Let’s have a look at a confusion matrix for the final prediction on the test set.
## Confusion Matrix and Statistics
##
## Reference
## Prediction BARBUNYA BOMBAY CALI DERMASON HOROZ SEKER SIRA
## BARBUNYA 251 0 6 0 2 1 4
## BOMBAY 0 104 0 0 0 0 0
## CALI 10 0 313 0 8 0 1
## DERMASON 0 0 0 663 6 9 44
## HOROZ 0 1 5 5 361 0 4
## SEKER 2 0 0 10 0 388 5
## SIRA 2 0 2 32 9 8 470
##
## Overall Statistics
##
## Accuracy : 0.9354
## 95% CI : (0.9256, 0.9444)
## No Information Rate : 0.2605
## P-Value [Acc > NIR] : < 2.2e-16
##
## Kappa : 0.9219
##
## Mcnemar's Test P-Value : NA
##
## Statistics by Class:
##
## Class: BARBUNYA Class: BOMBAY Class: CALI Class: DERMASON
## Sensitivity 0.94717 0.99048 0.9601 0.9338
## Specificity 0.99472 1.00000 0.9921 0.9707
## Pos Pred Value 0.95076 1.00000 0.9428 0.9183
## Neg Pred Value 0.99431 0.99962 0.9946 0.9765
## Prevalence 0.09721 0.03852 0.1196 0.2605
## Detection Rate 0.09208 0.03815 0.1148 0.2432
## Detection Prevalence 0.09685 0.03815 0.1218 0.2649
## Balanced Accuracy 0.97094 0.99524 0.9761 0.9523
## Class: HOROZ Class: SEKER Class: SIRA
## Sensitivity 0.9352 0.9557 0.8902
## Specificity 0.9936 0.9927 0.9759
## Pos Pred Value 0.9601 0.9580 0.8987
## Neg Pred Value 0.9894 0.9922 0.9737
## Prevalence 0.1416 0.1489 0.1937
## Detection Rate 0.1324 0.1423 0.1724
## Detection Prevalence 0.1379 0.1486 0.1919
## Balanced Accuracy 0.9644 0.9742 0.9330
This gives us some helpful information. We have an overall accuracy rate of 93.87%, with balanced accuracy rates above 95% across all classes with the sole exception of the the bean class Sira (93.33%).

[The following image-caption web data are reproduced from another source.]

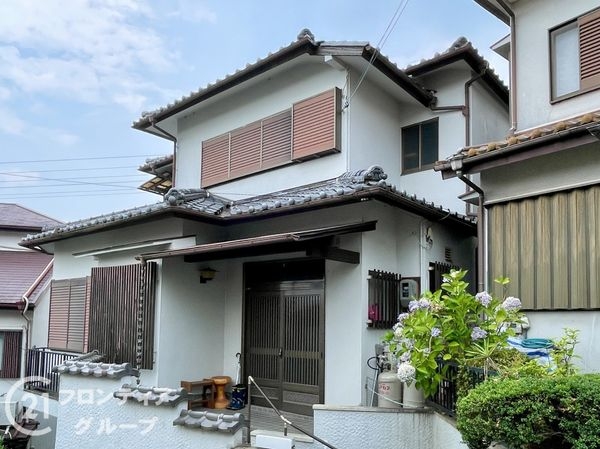 奈良市富雄川西１丁目の中古一戸建て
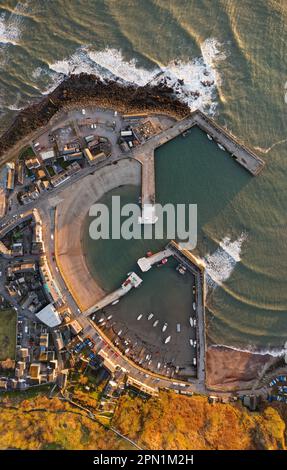 Port et ville de Stonehaven au lever du soleil en été Banque D'Images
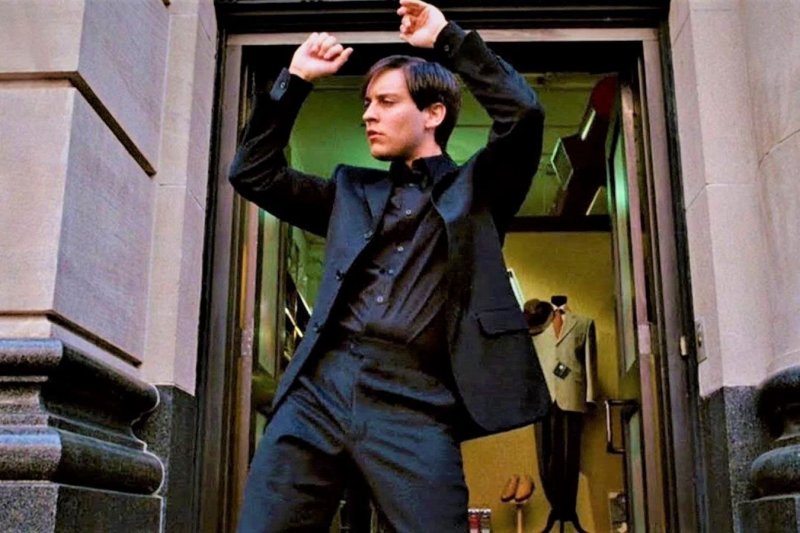 Тоби Магуайр танец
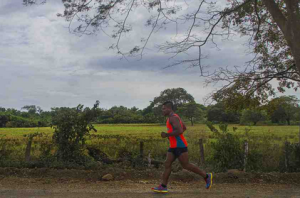 Hector Zuñiga running from Nicoya to Garza
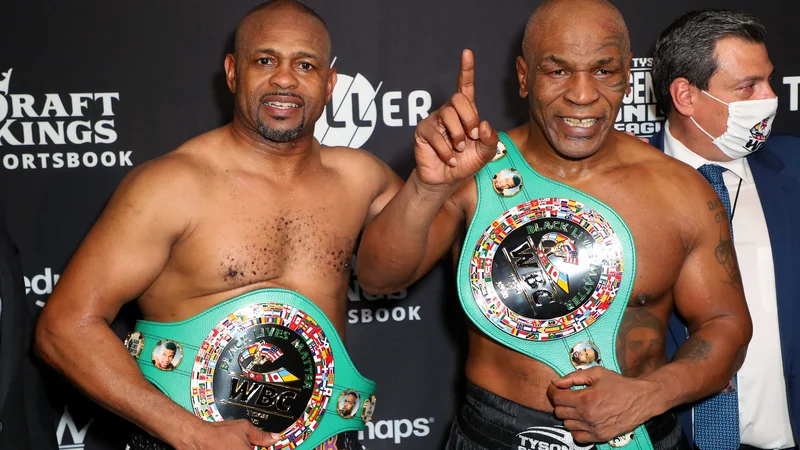 Fotografija: Roy Jones ml. (levo) in Mike Tyson sta si prislužila častna šamponska pasova združenja WBC. FOTO: Joe Scarnici/Usa Today Sports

If the market demands a more accurate classification system for the dry grains, perhaps another feature, which might not be so highly correlated, could be measured to aid the process? For instance, if I had access to the images, I would want to examine color saturation levels between the dry beans. Perhaps it could have been of some use for the process by providing a feature measurement that is not so highly correlated?
I hope you have enjoyed reading this project.